基本情報

フィリッポ・リッピ(1406年頃-1469年)はリッポ・リッピとも呼ばれる15世紀のイタリア芸術で活躍したイタリア人画家である。リッピは1406年にフィレンツェで肉屋のトンマーゾとその妻の間に生まれるが、リッピがまだ幼い頃に両親共に他界している。

ルネッサンス期の芸術史家であるジョルジョ・ヴァザーリは、リッピが画家になることを志したきっかけは、カルマイン教会で絵画を描くマサッチオを見てだったといい、リッピの初期の作品、特に『タルクイニアの聖母』(ローマ・国立古典絵画館)はマサッチオの影響を強く受けていることがわかる。ヴァザーリはリッピについて『勉強する代わりに、全ての時間を絵を描くことに費やしていた』と語っている。

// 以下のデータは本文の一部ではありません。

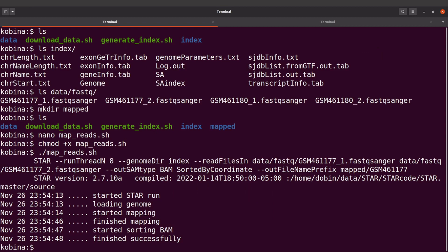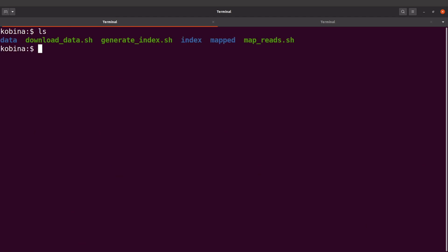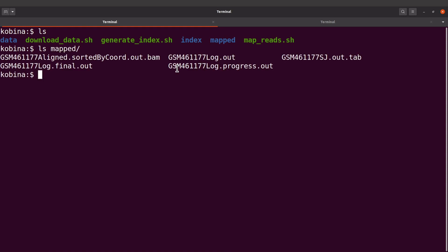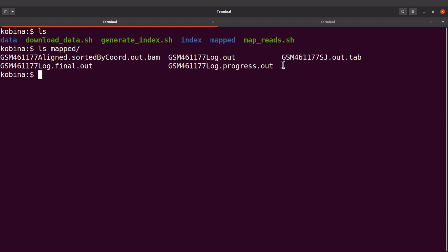STAR has finished mapping the first sample. Let's check the output — I'll do ls mapped to see the directory contents. I have the output files here. This is the BAM file and we also have some log files. I've already explained these output files in another video, so you can check that via the link. For this tutorial I'm going to focus on the BAM file.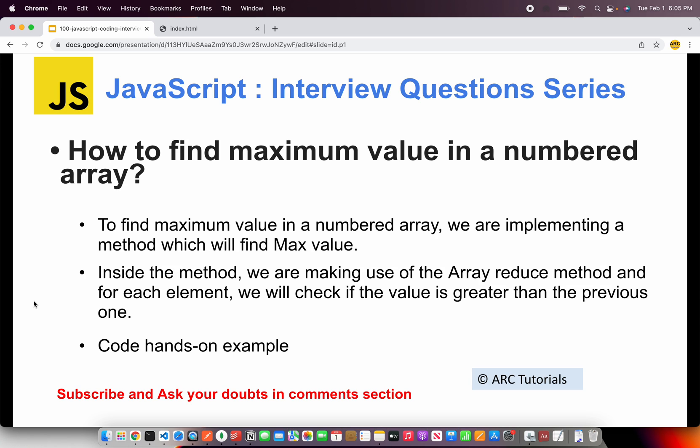For each element, we'll check if the value is greater than the previous one or not. That's the simplest, fastest, and most optimized solution. Let's get started with hands-on and see how to implement this.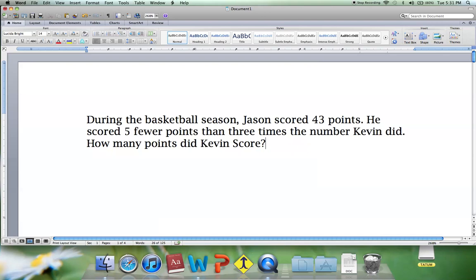I'm going to go through four examples of writing an equation from a word problem. I suggest pausing the video for each example, reading through the word problem, identifying the different parts of your equation, and trying to build your equation before you resume play.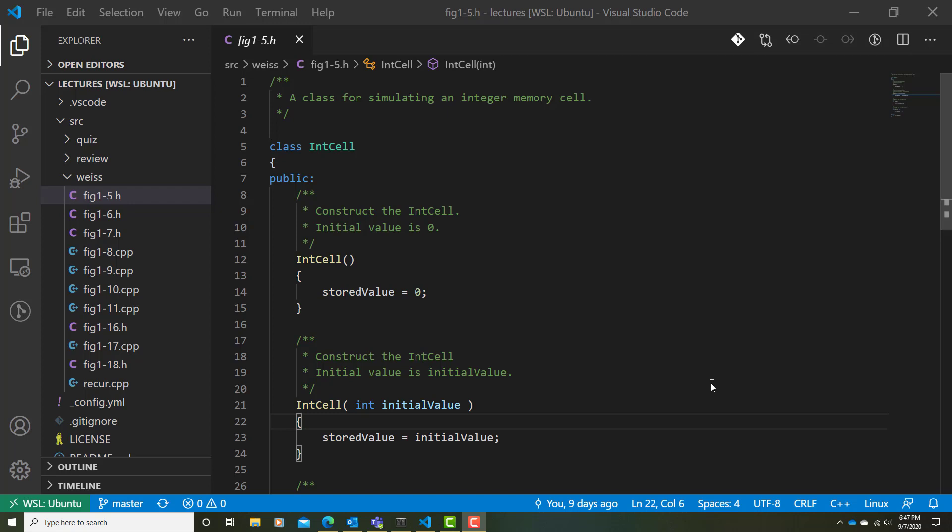In other words, the definition is inline with the class declaration. If we look here on line 5, as we've seen before with a sphere class, we have the beginning of a class declaration. In this case, we have a class called IntCell.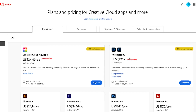Your cheapest option is the Photography Plan, where you get Photoshop and Lightroom. You can buy Photoshop by itself, but it's more expensive, so it actually doesn't make any sense. It'll make more sense to go for the Photography Plan because it's almost half the price of just getting Photoshop, and you get Lightroom included.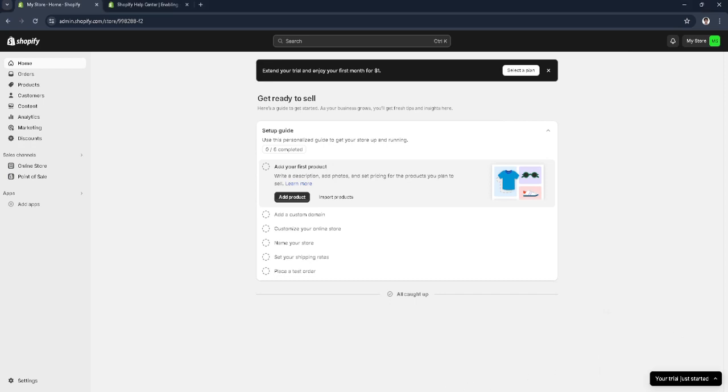In this video, I'm going to show you how to add an SSL certificate on Shopify. Please watch the video until the end and follow this tutorial step by step to avoid making mistakes. Let's get started.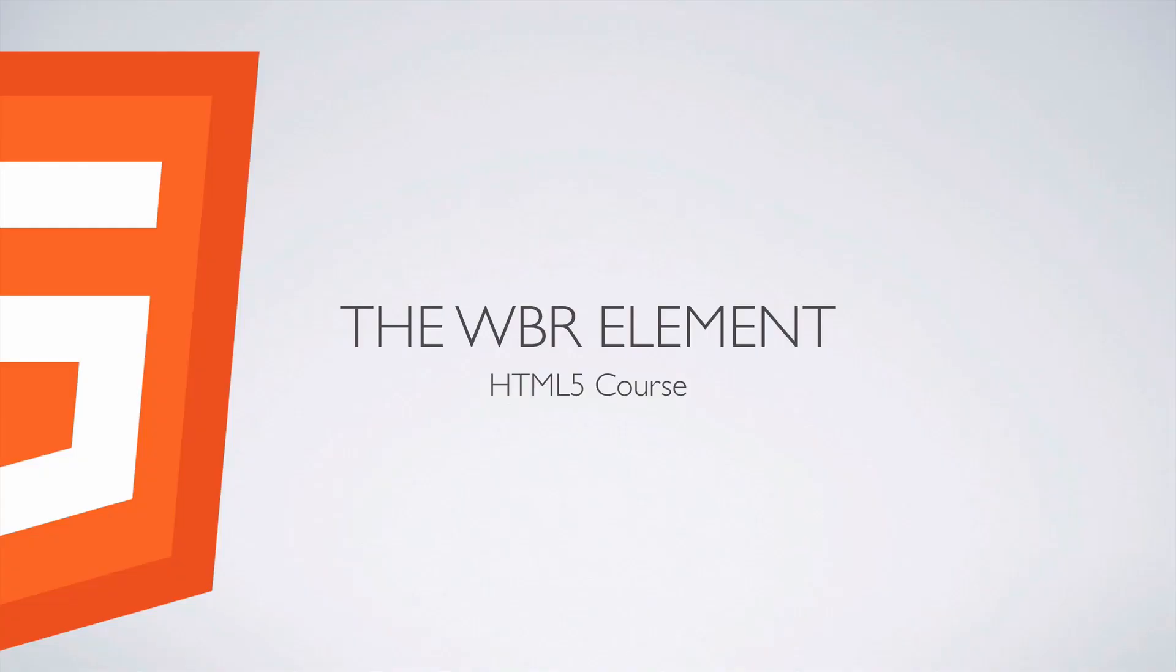Hello and welcome back to this HTML5 course. Today we're starting Unit 2 where we're going over the new elements in HTML.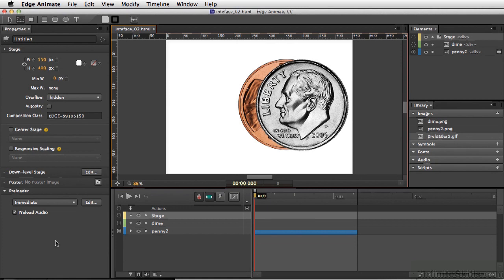Throughout this course, one of the panels we'll be using a lot is the code panel. But be rest assured, as this is an intro course, we are not going to write a single line of code. Basically, a lot of the scripts that we would like to use have already been written out for us.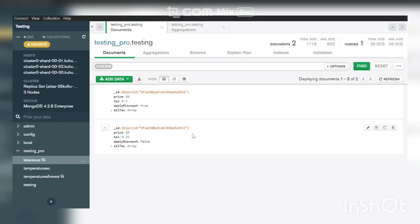Today we will discuss what is let in MongoDB. Actually, the definition of let is: it binds the variables for use in a specific expression and returns the result of the expression.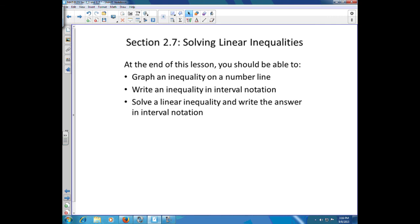At the end of this lesson, you should be able to graph an inequality on a number line, write an inequality in interval notation, and solve a linear inequality and write the answer in interval notation.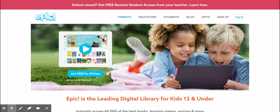Hi boys and girls, this is Ms. Johnson and I'm going to show you how to log into EPIC. When you go to the EPIC website — it's getepic.com — you then click over here on the Login button.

1452年から1465年にかけて描かれたプラート大聖堂のフレスコ画は、対になった2枚の壁の間で向き合う聖ヨハネと聖ステファンが描かれており、その絵画はリッピの最も重要な絵画であるとされている。特にサロメの踊りを踊っている人物は、サンドロ・ボッティチェリの後期に描かれた絵画と密接に関係していると言われている。

リッピはその後1469年に、スポレート大聖堂で聖母マリアの生涯のフレスコ画を描いている途中、その完成を見ずに死去した。